En esa línea, citó algunas sentencias de grandes pensadores y filósofos que rechazaron a la mujer como sujeto igualable al hombre, como fue el caso de Aristóteles, que estableció que "la condición femenina debe considerarse como si fuera una deformidad, si bien se trata de una deformidad natural"; San Agustín, quien llegó a decir que "la mujer, juntamente con su marido, es imagen de Dios, pero considerada aisladamente no lo es", o Boccaccio, que manifestó que "el arte es ajeno al espíritu de las mujeres, pues esas cosas sólo pueden realizarse con mucho talento, cualidad casi siempre rara en ellas".
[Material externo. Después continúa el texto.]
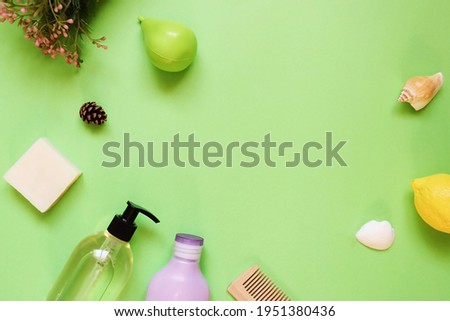 Natural spa organic cosmetic products on a green background. Flat lay beauty mockup, top view photography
Así, Angeles Caso instó a las mujeres actuales a que reescriban la historia teniendo en cuenta la creación de todas aquellas que permanecieron en el olvido, puesto que ahora se puede afirmar con seguridad que también ellas participaron activamente en el mundo de la cultura, a las que definió como "heroínas breves y magulladas", ya que muchas de ellas fueron rápidamente borradas de la historia y todas fueron consideradas como ajenas al sistema, cuando no "locas, herejes o prostitutas".

A ese respecto, citó a Virginia Woolf para justificar ese intimismo, lirismo y sentimentalismo que se solía achacar a la literatura femenina, ya que la escritora planteó que "no es posible escribir de la misma manera llevando vidas tan diferentes".

De ese modo, criticó que hasta llegar al siglo XIX, salvo excepciones como Safo, Santa Teresa y Sor Juana Inés de la Cruz, la mayoría de creadoras femeninas eran desconocidas, por lo que citó nombres que debieron pasar a la historia con la misma grandeza que lo hicieron artistas varones. Así, se refirió a algunas mujeres de Andalucía como Umm Alhasan Bint Sulayman en la Córdoba del siglo IX o Rayana, de la Almería del XI, Francisca de Nebrija, Luisa Medrano, Catalina de Mendoza, Feliciana Enríquez de Guzmán o Juana Pacheco, como algunos de los muchos nombres que merecen un reconocimiento.

POCAS ACADEMICAS

Aunque Angeles Caso consideró que actualmente no ocurre esa injusticia con las mujeres, aún hay esferas en las que su poca presencia revela resquicios de aquella cultura patriarcal, como ocurre en la escasez de mujeres académicas que hay, así en la Real Academia Española sólo hay tres mujeres entre 40 académicos, en la de Historia dos de 33, y en la de Jurisprudencia y Legislación y Ciencias Políticas no hay ninguna.

Sin embargo, Caso indicó que hay un enorme número de escritoras, pintoras, juristas y profesoras de todas las especialidades que desarrollan su actividad en España luchando aún con la misma fuerza titánica que sus antecesoras, por ser respetadas "de la misma forma que sus colegas varones".

Por último, lanzó la pregunta de si "seguirá siendo difícil reconocer el talento y la inteligencia de las mujeres y si pervivirán sus nombres a lo largo del tiempo o serán también tachadas de los índices por los persistentes y testarudos prejuicios patriarcales y misóginos", a lo que respondió que sólo el paso del tiempo lo dirá.